The album was released as a book disc of 32 pages and an introduction to the play by Moawad and a picture gallery in black and white and in color by Jean-Louis Fernandez. The cover photo for the release depicted Samuël Côté and Oreste.

Chœurs is the first album of Bertrand Cantat, since the album Nous n'avons fait que fuir (recorded in 2002, released in 2004), and the official demise of the group Noir Désir announced in November 2010. This is also the first album in which Cantat was credited directly rather than his band. Wajdi Mouawad declared he loved Cantat's vocals for a long time and had incorporated materials from Noir Désir in his earlier creation Temps in 2010, and asked Cantat to record texts for his work Ciels in 2009.

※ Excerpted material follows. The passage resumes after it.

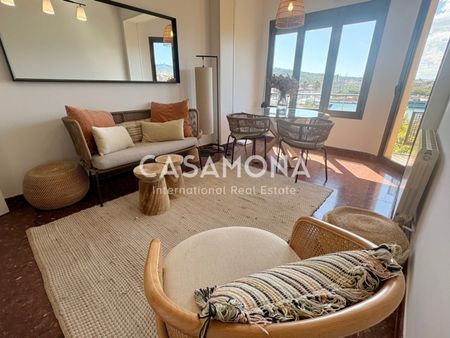 Cosy 3-bedroom apartment with a Huge balcony, elevator, and stunning views. - Photo 2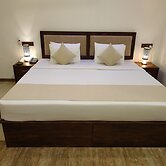 Sigiriya Cashew Palace Resort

Bertrand Cantat agreed to do the recording provided his long-time friend Pascal Humbert was involved in the project to which Moawad agreed. Moawad also added two Quebec artists, the guitarist Bernard Falaise and drummer Alexander MacSween to complete the rock quartet.

The album was recorded in Studio Davout in Paris under the production of Jean-Loup Morette and in Studio Anywave in Bordeaux under the production of Nicolas Perego; mixing was by Jean-Loup Morette in Paris and the mastering by Bruno Green in Lennoxville, Quebec.

==Track list==
All the music is composed by the quartet Bertrand Cantat, Pascal Humbert, Bernard Falaise and Alexander MacSween on text translated from Sophocles by Robert Davreu and adapted for singing by Bertrand Cantat and Wajdi Mouawad, except for "Dithyrambe au soleil" written by Cantat and Mouawad, and "Bury Me Now" by Cantat alone.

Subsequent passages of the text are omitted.